> [Problem to solve] Going through the material below, output exactly the lines from the one containing "ISPEA MÚSICA CHARATA: ABRE" through the one containing "Pastel Leopard dress with pockets", and no pictures.

> [Input data]
-*-*-
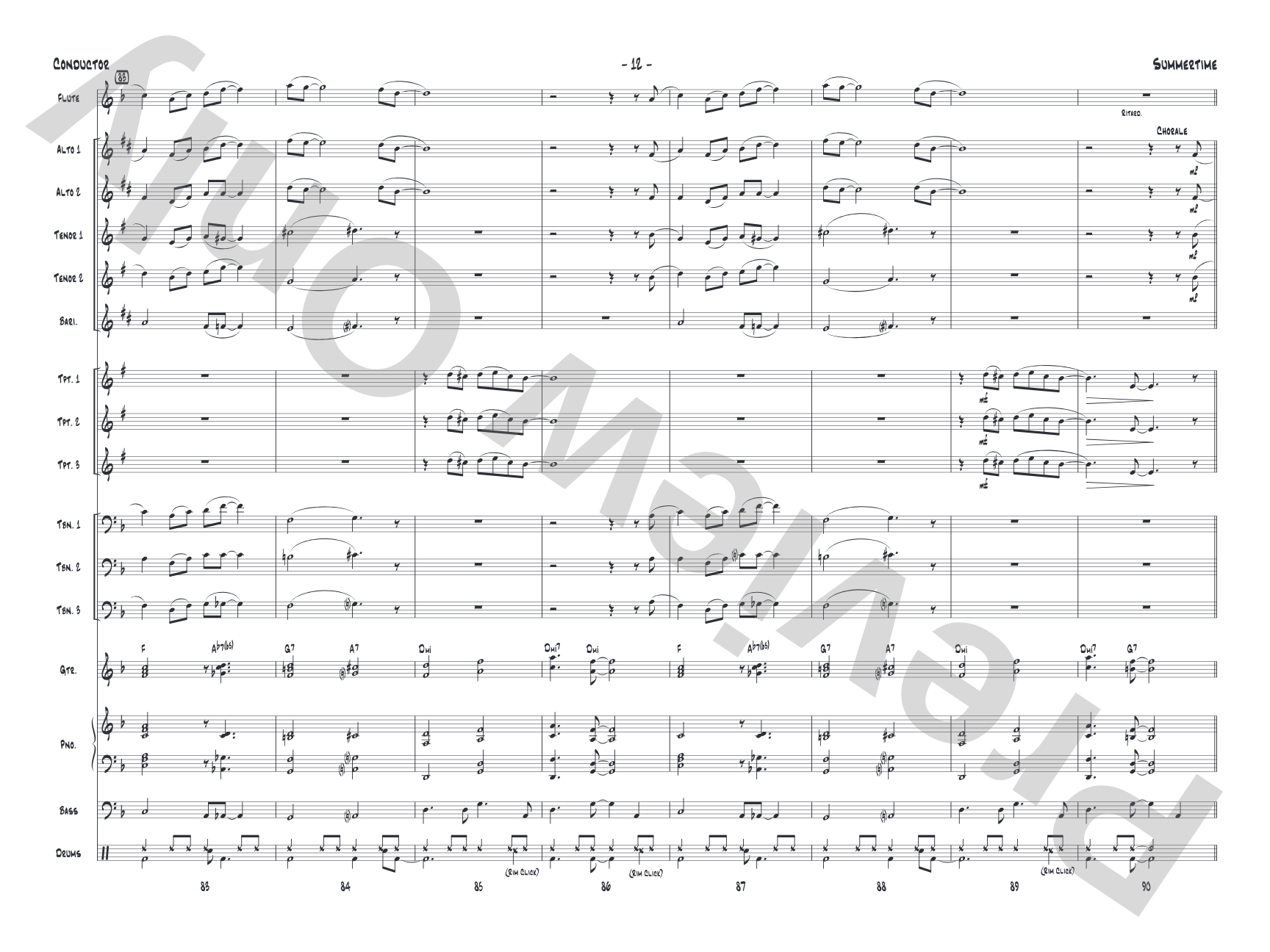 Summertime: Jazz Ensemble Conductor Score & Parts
-*-*-
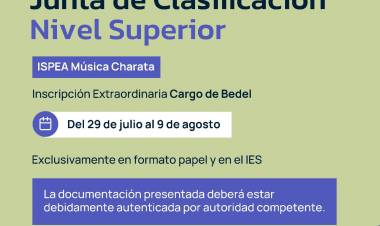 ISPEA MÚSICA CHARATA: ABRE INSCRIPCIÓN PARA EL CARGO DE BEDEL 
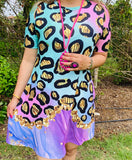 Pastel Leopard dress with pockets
-*-*-
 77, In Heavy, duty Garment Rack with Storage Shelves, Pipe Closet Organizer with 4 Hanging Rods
-*-*-
> [Answer to the exercise]
 ISPEA MÚSICA CHARATA: ABRE INSCRIPCIÓN PARA EL CARGO DE BEDEL 
 Pastel Leopard dress with pockets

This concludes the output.